Wow! What a bizarre time we have been living through recently. The stock markets have been extremely volatile. Bank failures. Large business failures. The price of oil has come down by two-thirds. Real estate values have declined. What next? If I only had the answer…
It is during these tough economic times that it is tempting to put all tax planning on hold. However, this can provide an opportune time – never a better time – to tax effectively plan your affairs. For example, one of the most common succession planning tools that is utilized in the private client scenario is the undertaking of an “estate freeze”. An estate freeze involves “freezing” the value of a shareholder’s interest in a private corporation so as to allow future growth to accrue to a target group of new shareholders (such as family members or employees or perhaps both). This routine estate planning/succession planning can be very tax effective to the extent that the freeze is undertaken at a lower value. This is true given that a typical estate freeze will involve the existing shareholder(s) exchanging their currently held common shares of a private corporation (on a tax deferred basis) for a class of shares known as preferred shares. The preferred shares must have an aggregate redemption value equal to the underlying value of the currently held common shares. To the extent that the currently held common shares are low in value then the tax consequences on a future disposition of the preferred shares will be less than what it could have been to the extent that the fair market value was higher. The preferred shares will eventually be disposed of – either by an actual disposition or by a “deemed disposition” pursuant to death (since Canadian tax law requires that a disposition occur immediately prior to the death of a shareholder subject to certain tax deferrals that are available). Accordingly, given the unprecedented decline in valuations, this may be the perfect time to revisit whether an estate freeze today makes sense or not.

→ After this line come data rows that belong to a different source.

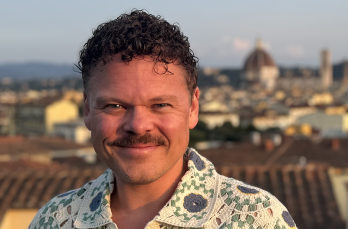 A smiling man with white skin, curly hair and moustache on the rooftop of a sunny European town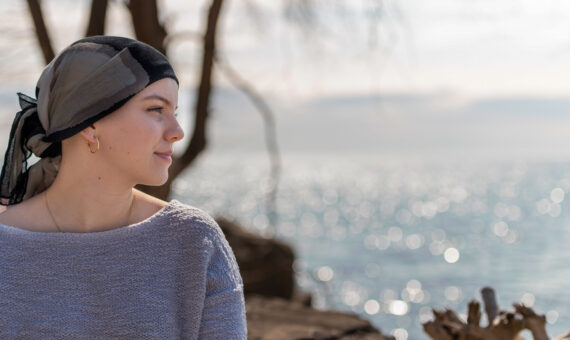 Eine junge krebskranke Frau lächelt selbstbewusst und schaut in die Ferne. Sie trägt ein Kopftuch und entspannt sich im Freien. Im Hintergrund sind ein See und ein Baum zu sehen. Es ist ein sonniger, friedlicher Tag.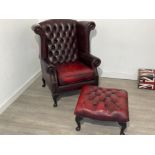 Red leather Wingback button back arm chair and matching foot stool in good condition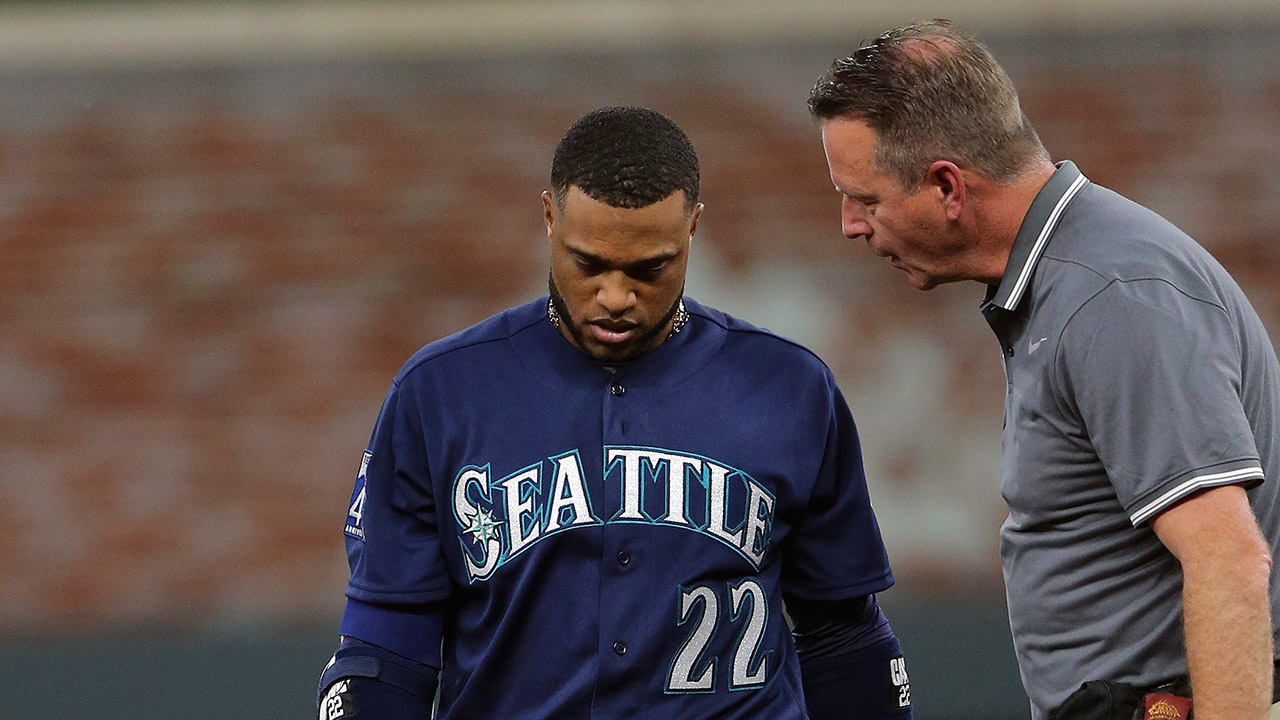 Robinson-Cano-has-left-Seattle's-game-against-the-Atlanta-Braves-with-tightness-in-his-left-hamstring.-(John-Bazemore/AP)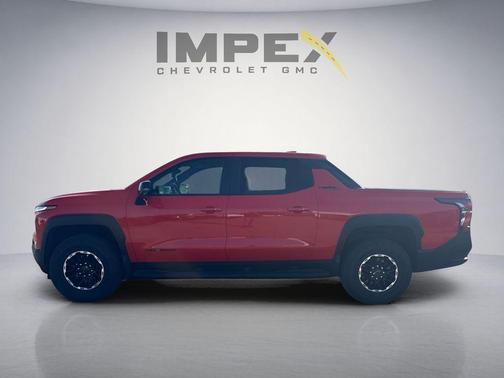 Orange 2026 Chevrolet Silverado EV Trail Boss - Max Range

During recessionary or downward times, loss utilization can be an important tool in tax planning. It is often inevitable during downward economic times that losses will result. It is important that such losses are not trapped so that they may be utilized to either reduce taxable income into the future or, better yet, explore tax recoveries by carrying back the losses to prior taxation years. As many readers know, losses may only be carried back to the three prior taxation years and therefore careful planning must be done.
It is also during these uncertain times that one should take a sober look at their existing wealth and look to protect a base amount of wealth. Such protection may involve utilization of various investment products, utilization of trusts, exploration of offshore vehicles, etc. However, such wealth preservation and planning is usually only as good as the ongoing maintenance of such plans. One key aspect of the review is to ensure that the individual’s wills are up to date and reflect current intentions (and have a proper “flow” to ensure that the desired result upon death does occur). Accordingly, it is usually during these downward economic times that a thorough will review should be completed.
I could go on and on about other effective planning that should occur during a downward economic time. Suffice to say though that putting tax planning on hold is not the right answer. While it is definitely understandable that cost reductions must usually occur during difficult economic times, tax planning is almost always an investment and not a cost. Consider the cost to the extent that planning does not occur. The mathematics will always make sense to continue planning.